1

Let me preface this by saying I am new to Regex and C# so I am still trying to figure it out. I also realize that Regex is a deep subject that takes time to understand. I have done a little research to figure this out but I don't have the time needed to properly study the art of Regex syntax as I need this program finished tomorrow. (no this is not homework, it is for my job)

I am using c# to search through a text file line by line and I am trying to use a Regex expression to check whether any lines contain any dates of the current month in the format MM-DD. The Regex expression is used within a method that is passed each line of the file.

Here is the method I am currently using:

private bool CheckTransactionDates(string line)
{ 
   // in the actual code this is dynamically set based on other variables
   string month = "12";

   Regex regExPattern = new Regex(@"\s" + month + @"-\d(0[1-9]|[1-2][0-9]|3[0-1])\s");
   Match match = regExPattern.Match(line);

   return match.Success;
}

Essentially I need it to match if it is preceded by a space and followed by a space. Only if it is the current month (in this case 12), an hyphen, and a day of the month ( " 12-01 " should match but not " 12-99 "). It should always be 2 digits on either side of the hyphen.

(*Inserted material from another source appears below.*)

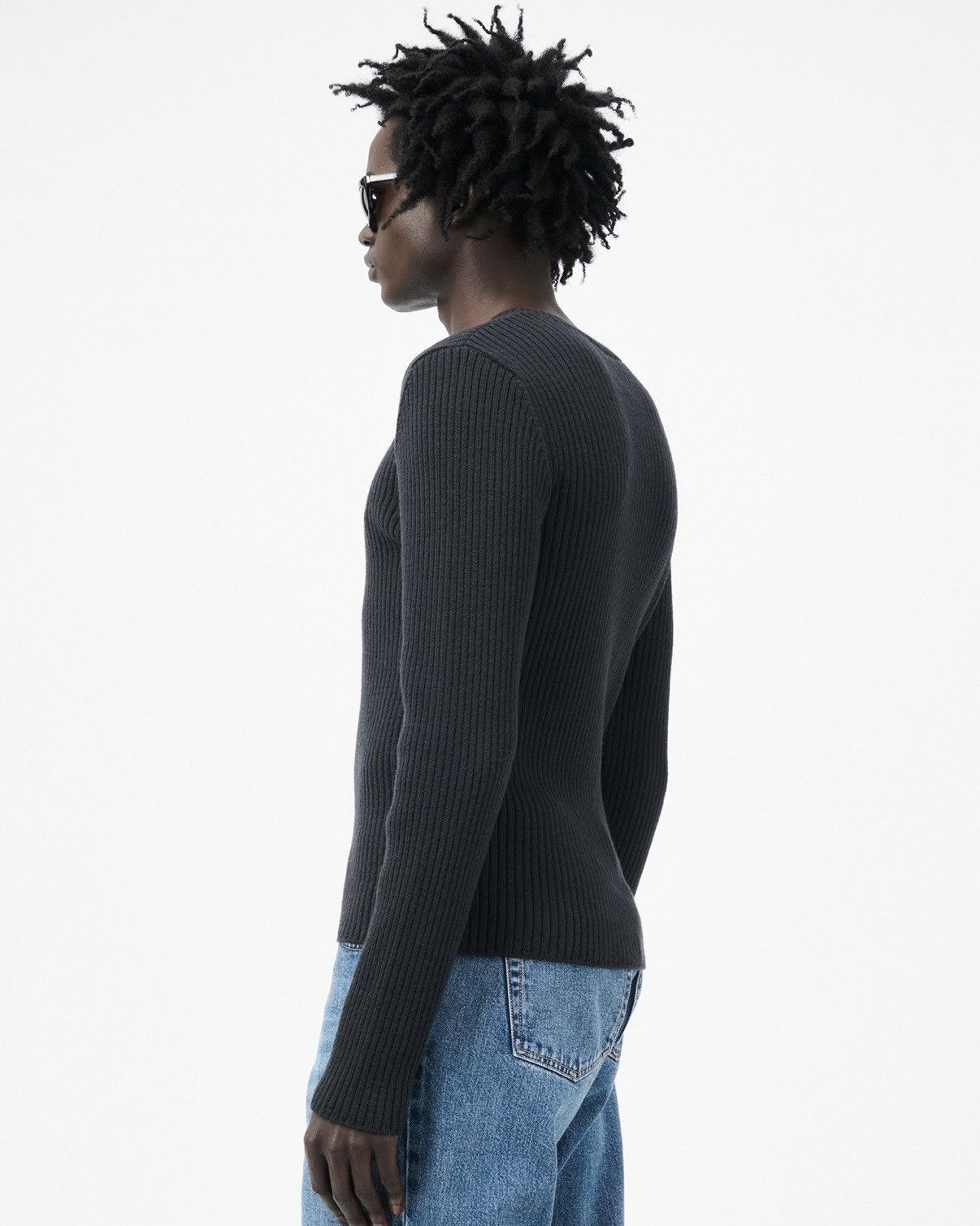 Our Legacy Our Legacy COMPACT ROUNDNECK Off Black Rustic Merino Sweater Size US M / EU 48-50 / 2 - 2 Thumbnail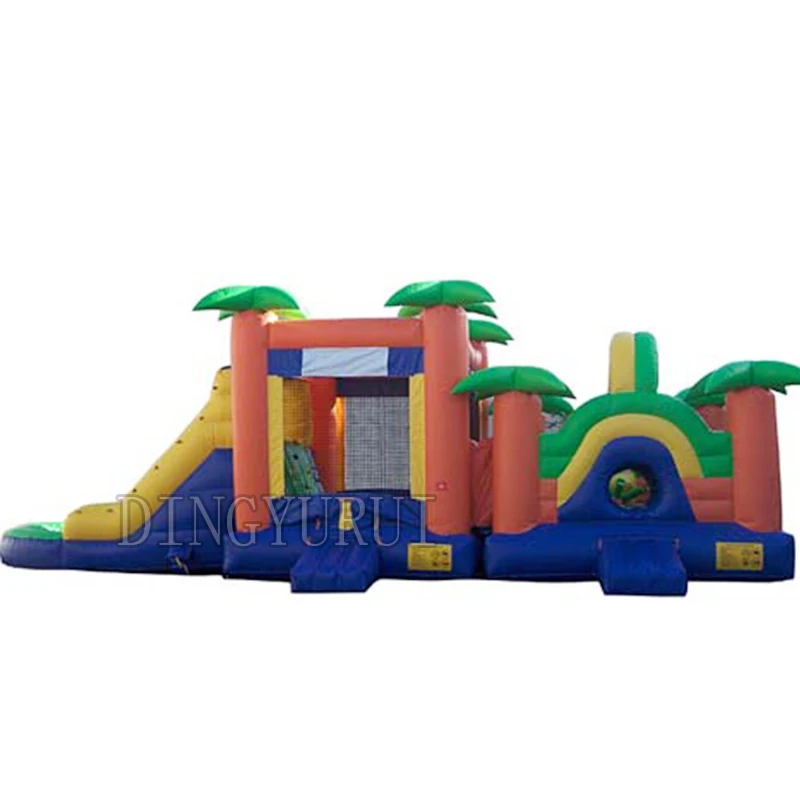 3 in one inflatable game combo/PVC material inflatable slide and obstacle course combo for sale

This Regex (The only thing I can make match) will work, but also picks up items outside the necessary range:

Regex regExPattern = new Regex(@"\s" + month + @"-\d{2}\s");

I have also tried this without sucess:

Regex regExPattern = new Regex(@"\s" + month + @"-\d[01-30]{2}\s");

Can anyone tell me what I need to change to get the results I need? Thanks in advance.

pscapng
  • 106
  • 1
  • 10
  • You said a pattern like `\s12-\d{2}\s` matches other items you don't want, please provide an example of the text it's matching. Clearly we're flying blind here because we don't know what a sample file might look like where that Regex fails. – Mike Perrenoud Dec 31 '13 at 18:00
  • 2
    I don't understand why it's so important to match a valid day range only. If you really fear that there might be invalid values you could validate it in a second step. A valid day depends on the month, so doing this validation just with regex is hard. – Meta-Knight Dec 31 '13 at 18:01
  • Take a look here: [Regular Expression to match valid dates](http://stackoverflow.com/questions/51224/regular-expression-to-match-valid-dates) or [LMGTFY](https://www.google.com/#q=regex+date). Getting a regex to match that specifically could be difficult and ugly, but you can use regex to narrow it down and check the ranges. – Wonko the Sane Dec 31 '13 at 18:02
  • @Michael Perrenoud An example of a line it matches is: " 11-20 2690 E 28.76 12-02 2468 E* 387.85" However it would also match this line (which I do not want it to match): " 11-15 3610 E 29.34 12-87 2534 E* 465.85" – pscapng Dec 31 '13 at 18:03
  • 3
    Could you not use `DateTime.TryParseExtact`? – Ash Burlaczenko Dec 31 '13 at 18:04

2 Answers2

4

If you just need to find out if the line contains any valid match, something like this will work:

private bool CheckTransactionDates(string line)
{ 
   // in the actual code this is dynamically set based on other variables
   int month = DateTime.Now.Month;
   int daysInMonth = DateTime.DaysInMonth(DateTime.Today.Year, DateTime.Today.Month);

   Regex pattern = new Regex(string.Format(@"{0:00}-(?<DAY>[0123][0-9])", month));
   int day = 0;

   foreach (Match match in pattern.Matches(line))
   {
      if (int.TryParse(match.Groups["DAY"].Value, out day))
      {
         if (day <= daysInMonth)
         {
            return true;
         }
      }
   }

   return false;
}

Here's how it works:

You determine the month to search for (here, I use the current month), and the number of days in that month.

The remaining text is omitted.